* _MATERIALS PROVIDED_:
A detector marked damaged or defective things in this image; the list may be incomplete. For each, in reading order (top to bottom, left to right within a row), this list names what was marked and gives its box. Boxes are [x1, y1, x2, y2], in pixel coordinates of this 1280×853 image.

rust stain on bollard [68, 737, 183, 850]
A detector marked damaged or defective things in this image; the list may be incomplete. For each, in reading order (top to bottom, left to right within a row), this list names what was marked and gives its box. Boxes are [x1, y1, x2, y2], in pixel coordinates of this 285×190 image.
...
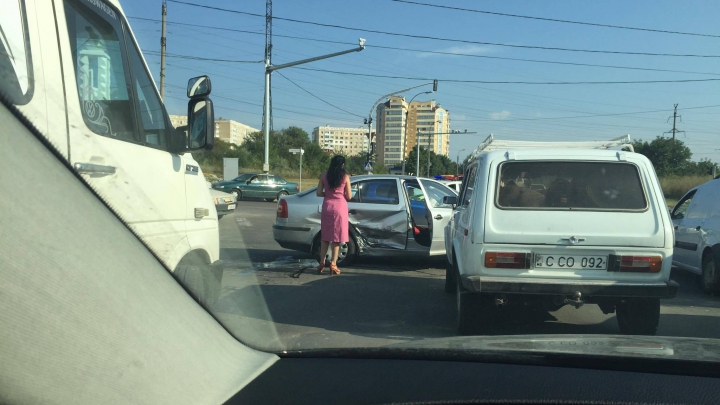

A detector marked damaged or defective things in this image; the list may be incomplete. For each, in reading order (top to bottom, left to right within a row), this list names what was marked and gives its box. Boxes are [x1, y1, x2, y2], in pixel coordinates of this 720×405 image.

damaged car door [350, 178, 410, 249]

* _TASK DIRECTIONS_: Using the records above, set down exactly the lines from the one with "this 1280×853 image." through the one with "this 285×190 image.", inclusive, and nothing more.

* _ANSWER TO THIS TASK_:
A detector marked damaged or defective things in this image; the list may be incomplete. For each, in reading order (top to bottom, left to right within a row), this list names what was marked and gives its box. Boxes are [x1, y1, x2, y2], in pixel coordinates of this 1280×853 image.

rust stain on bollard [68, 737, 183, 850]
A detector marked damaged or defective things in this image; the list may be incomplete. For each, in reading order (top to bottom, left to right within a row), this list names what was marked and gives its box. Boxes are [x1, y1, x2, y2], in pixel coordinates of this 285×190 image.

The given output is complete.